---
# Compute the Dependent Variable 'aggressiveLanguage'

The original file for the askscience subreddit has 4 parts- part 1= reading the data, part 2= Compute the 'aggressiveLanguage' variables for every comment, part 3=Compute the 'aggressiveLanguage' variables for each unique user pair, part 4=Update the 'aggressiveLanguage' variables for each comment with the average from each user pair. <br>

This notebook does only part 1 and 2.

**Other than these steps each row needs to be given a timestamp value, which is done after part 1 and part 2**


---

OUTPUT FILE:
1. 'data_result_askscience_subreddits_aggressive_language.csv': Contains the threat, insult, and toxicity scores for each comment<br>


additional details about the data-<br>
the askscience unprocessed data has 26605 comments<br>
there are 13270 comments left after rows with either author as '[deleted]' or body as '[removed]' are removed<br>
there are 7478 user pairs for which there is a network similarity<br>
there are 7478 user pairs for which there is a cultural similarity<br>
thus there should be 7478 unique user pairs<br>
thus for 7952 comments, there is a network similarity and cultural similarity and a parent comment, out of which there are 7478 unique user pairs and 474 repeated user pairs (5.9 percent repeats)
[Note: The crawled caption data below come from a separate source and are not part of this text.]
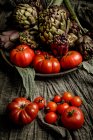 Набір різних свіжих овочів і серветки на сільському столі — стокове фото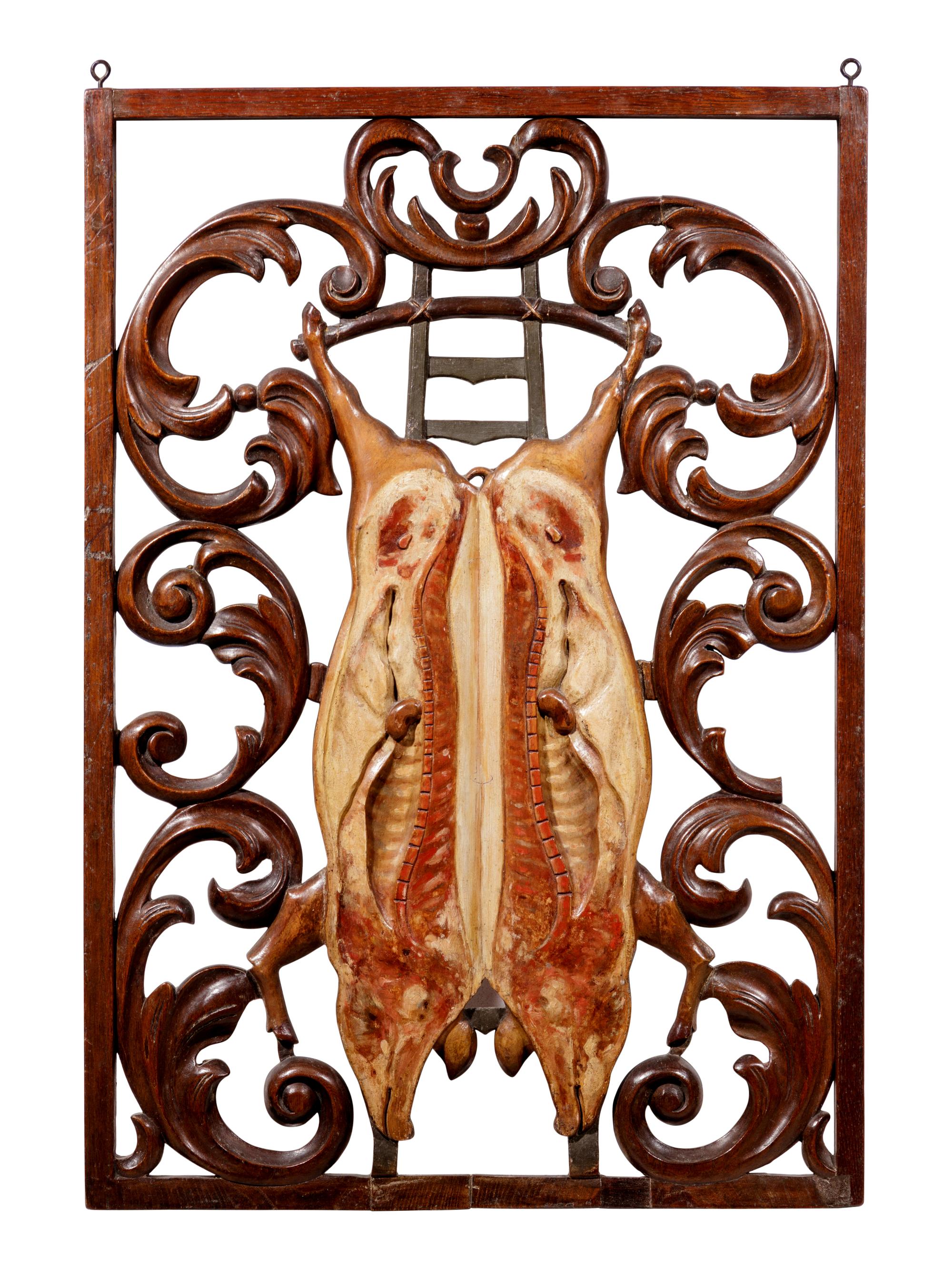 A Continental Carved and Polychrome Decorated Two Sided Butcher's Trade Sign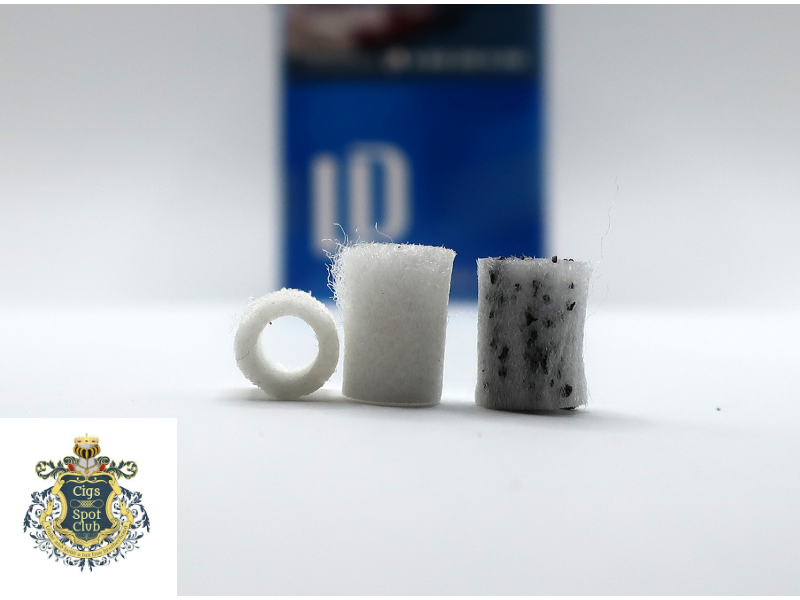 LD Blue Compact in hand while smoking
references for detoxify-<br>
https://www.kaggle.com/code/renokan/toxic-comments-using-detoxify-model/notebook?scriptVersionId=87256021 <br>
https://github.com/unitaryai/detoxify <br>



.



.

---
# **Part 1: Reading the data**

In this section, I have read the the output file 'data_fifteen_subreddits_similarity.csv' from the python notebook 'Comment_Level_Network_Cultural_Similarity_askscience.ipynb'. This file contains all the comments for which both network similarity and cultural similarity were computed.

---
.

Check if cuda is being used

In [1]:
import torch
if torch.cuda.is_available():
    device_name = torch.device("cuda")
else:
    device_name = torch.device('cpu')
print("Using {}.".format(device_name))

Using cuda.


Connect to drive

In [2]:
from google.colab import drive
drive.mount('/content/gdrive')

Mounted at /content/gdrive


reading the file which contains the comments for which both network and cultural similarity, along with parent author was computed

In [3]:
import pandas as pd
import numpy as np
data_similarity_askscience_subreddits = pd.read_csv('/content/gdrive/MyDrive/Colab Notebooks/askscience/data_similarity_askscience_subreddits.csv', low_memory=False, index_col = 0)
print(len(data_similarity_askscience_subreddits)) #length of data = 16370
print(len(pd.unique(data_similarity_askscience_subreddits['subreddit']))) #number of subreddits considered = 1
print(len(pd.unique(data_similarity_askscience_subreddits['id']))) #unique number of comments = , the data is at the comment level =
print(len(pd.unique(data_similarity_askscience_subreddits['parent_id']))) #number of parent nodes =
print(len(pd.unique(data_similarity_askscience_subreddits['link_id']))) #number of submissions =
print(len(pd.unique(data_similarity_askscience_subreddits['author']))) #number of submissions =
print(len(data_similarity_askscience_subreddits.columns))

7952
1
7952
4612
368
5002
15


In [4]:
data_similarity_askscience_subreddits.head(3)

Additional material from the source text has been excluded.